Once these values are configured in the Admin console, users can authenticate through the organization's identity provider instead of maintaining separate Dropbox Sign credentials.
Before enabling SSO
When configuring SAML SSO for the first time, keep standard admin logins enabled until testing is complete.
If the SSO configuration is incorrect and standard logins are disabled, admis may be unable to access the account.
Best Practice
Test SSO with a non-admin user account before rolling it out more broadly. If something isn't configured correctly, you'll still be able to access the Admin console with your admin account and make any necessary changes.

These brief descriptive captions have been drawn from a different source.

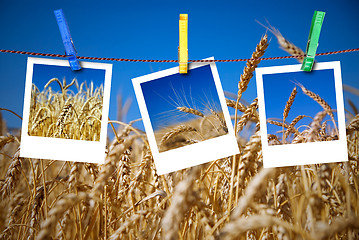 Image showing photos of wheat hang on rope with pins against wheat field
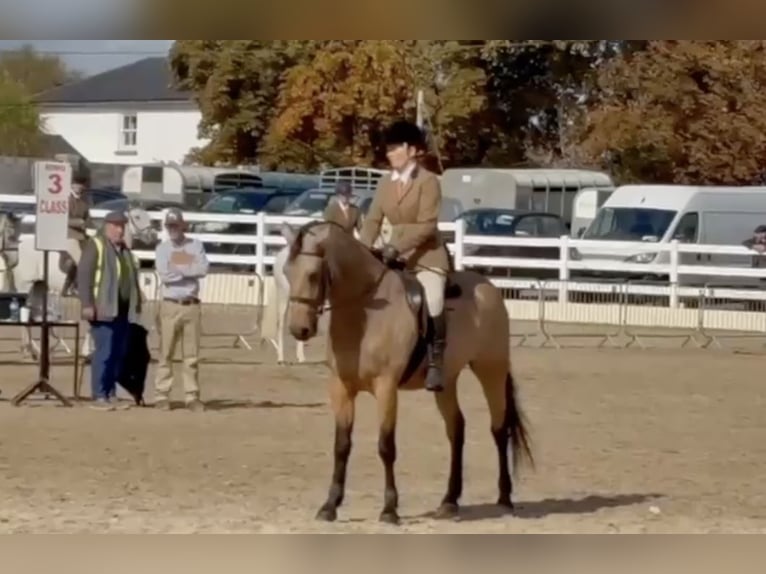 Connemara Caballo castrado 5 años 153 cm Bayo in Mountrath, Co. Laois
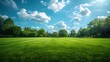 © horizon - A large grassy field with trees on the edges, a blue sky and white clouds in the background, a wide green space, a wide angle lens showing a green meadow, a park landscape.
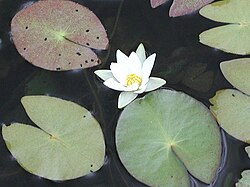 Pygmy waterlily, Nymphaea tetragona, designated imperial personal emblem of Sayako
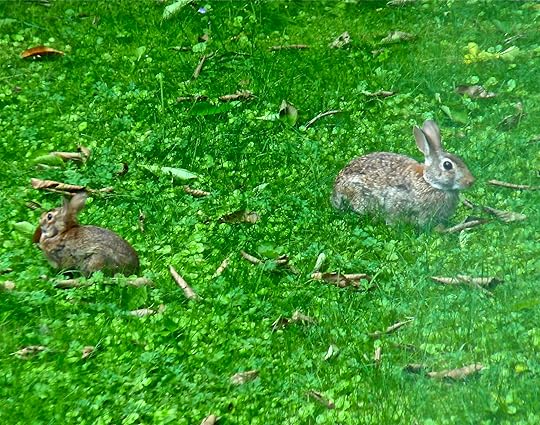 2 Frequent Visitors to Our Yard, 2 Reasons I love Summer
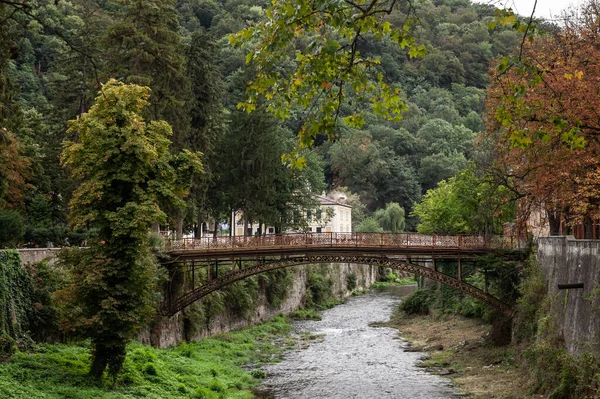 パノラマ リバー Cerna Baile Herculane Podul Fonta Cast鉄の橋 錆びたヴィンテージの橋 ローマの田舎の山々の真ん中に — ストック写真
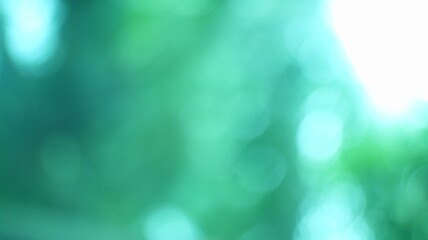 Abstract Green Nature Scene with Soft Light Bokeh Effects for Eco and Environment Themes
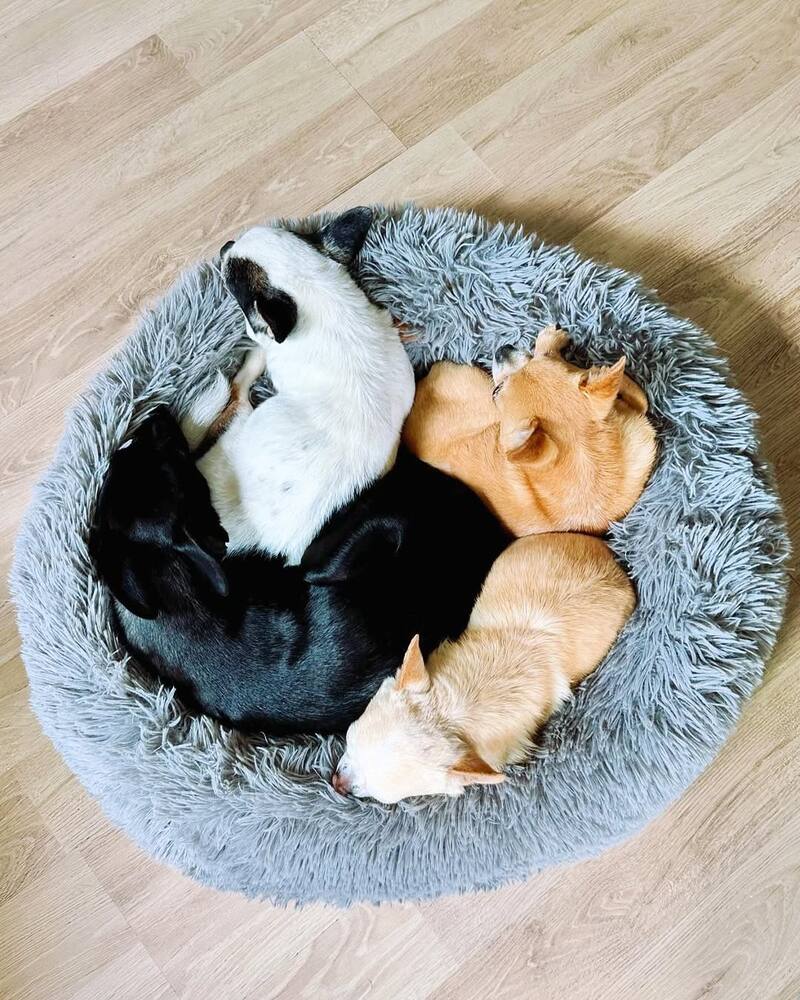 La chica reality tenía tres chihuahuas de 12 años y una perrita joven antes de la llegada de Cleo y Lulú.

System for Cross-domain Identity Management (SCIM) support
System for Cross-domain Identity Management (SCIM) support
Many organizations use System for Cross-domain Identity Management (SCIM) to automate user provisioning and deprovisioning across applications.
Current limitation
Dropbox Sign does not currently support SCIM.

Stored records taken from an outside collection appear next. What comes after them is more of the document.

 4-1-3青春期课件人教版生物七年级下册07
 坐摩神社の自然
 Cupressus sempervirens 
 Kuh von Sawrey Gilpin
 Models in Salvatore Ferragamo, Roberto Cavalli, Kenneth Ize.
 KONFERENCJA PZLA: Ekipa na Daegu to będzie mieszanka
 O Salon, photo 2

Organizations that use SSO should plan to manage Dropbox Sign user provisioning through their existing administrative processes. This means new users must be invited manually, and access must be removed manually when users leave the organization.
If your organization relies on automated provisioning for other applications, consider including Dropbox Sign in your onboarding and offboarding processes.
Electronic Identification (eID)
Electronic Identification (eID) provides a higher level of signer identity verification than standard electronic signatures.
Organizations may use eID when:
Strong identity verification is required.
Industry regulations mandate additional verification.
Signatures must meet specific legal requirements.
The availability and requirements of eID can vary depending on region and use case.
Note
Most organizations won't need eID for everyday signature workflows, but it's important to understand when stronger identity verification may be required. eID is available as a paid add-on for Dropbox Sign.
NOM-151
NOM-151 is a Mexican standard that supports the preservation and validation of electronic documents and records.
Organizations operating in Mexico may use NOM-151 to help support compliance and evidentiary requirements for electronic transactions.
When is NOM-151 relevant?
You may encounter NOM-151 requirements when:
Conducting business in Mexico.
Managing regulated electronic records.
Supporting long-term document validation requirements.
Note
If your organization operates in Latin America, consult your legal or compliance teams to determine whether NOM-151 requirements apply to your workflows.
Security best practices
As an admin, security isn't a one-time setup task. People change roles, new compliance requirements emerge, and settings that made sense when your account was first configured may need to be reviewed as your organization grows.
To help keep your account secure:
Enable 2FA where appropriate.
Review authentication settings regularly.
Test SSO configurations before full deployment.
Enable additional signer verification for sensitive documents.
Stay informed about compliance requirements that apply to your region.
Security controls are most effective when they're reviewed regularly and aligned with organizational policies.
You've configured the settings that help protect your users, documents, and organization.